● **Task prompt**
In your reply, repeat every entry exactly and skip over each picture.

-=-=-

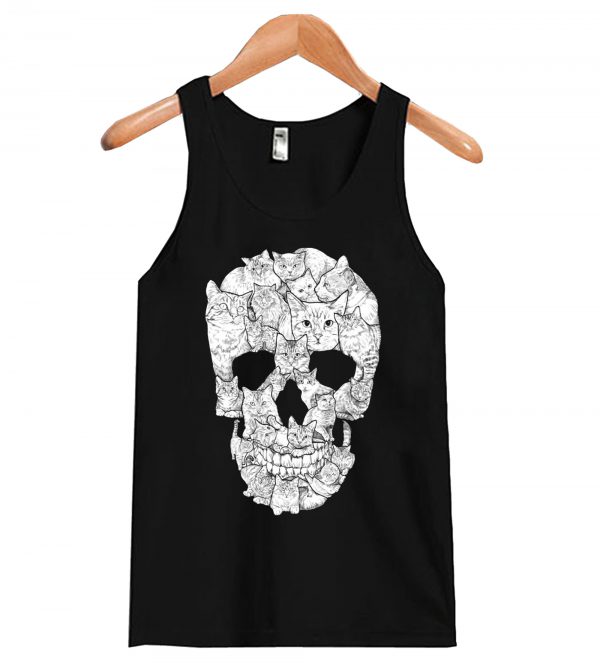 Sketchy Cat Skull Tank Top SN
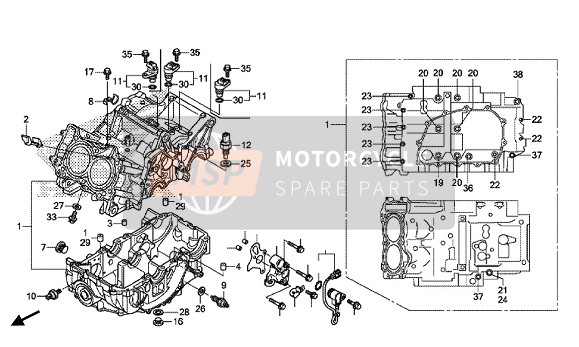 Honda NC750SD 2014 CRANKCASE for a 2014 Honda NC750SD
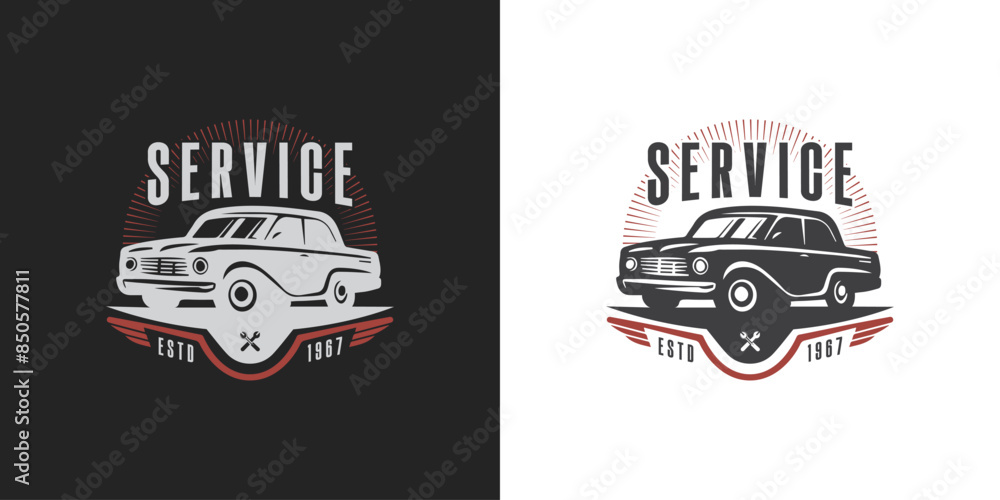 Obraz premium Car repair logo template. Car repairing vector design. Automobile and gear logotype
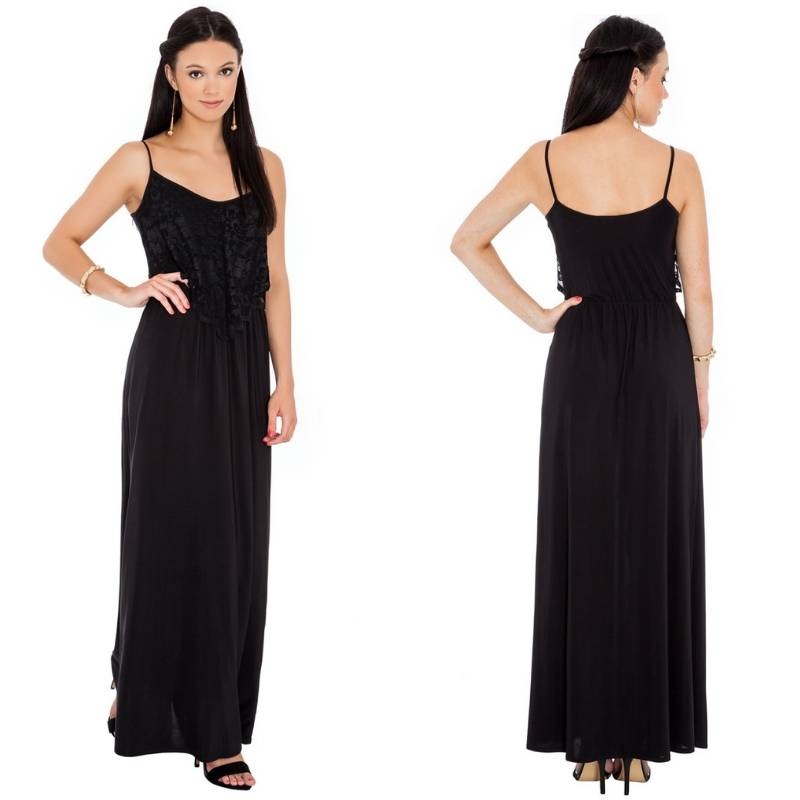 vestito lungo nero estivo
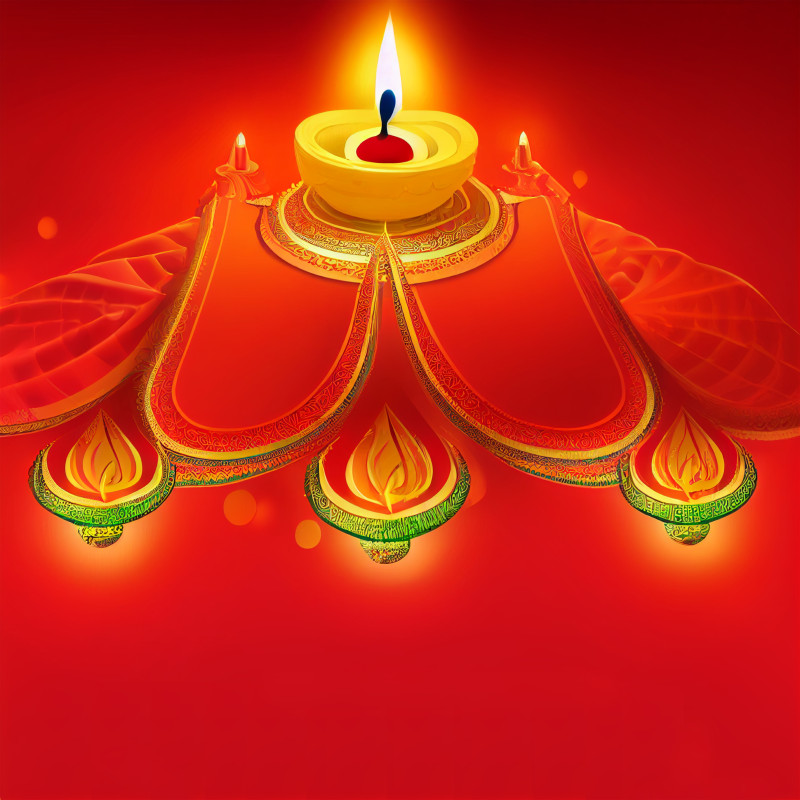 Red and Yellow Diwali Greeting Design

-=-=-

● **Finished task**
 Sketchy Cat Skull Tank Top SN
 Honda NC750SD 2014 CRANKCASE for a 2014 Honda NC750SD
 Obraz premium Car repair logo template. Car repairing vector design. Automobile and gear logotype
 vestito lungo nero estivo
 Red and Yellow Diwali Greeting Design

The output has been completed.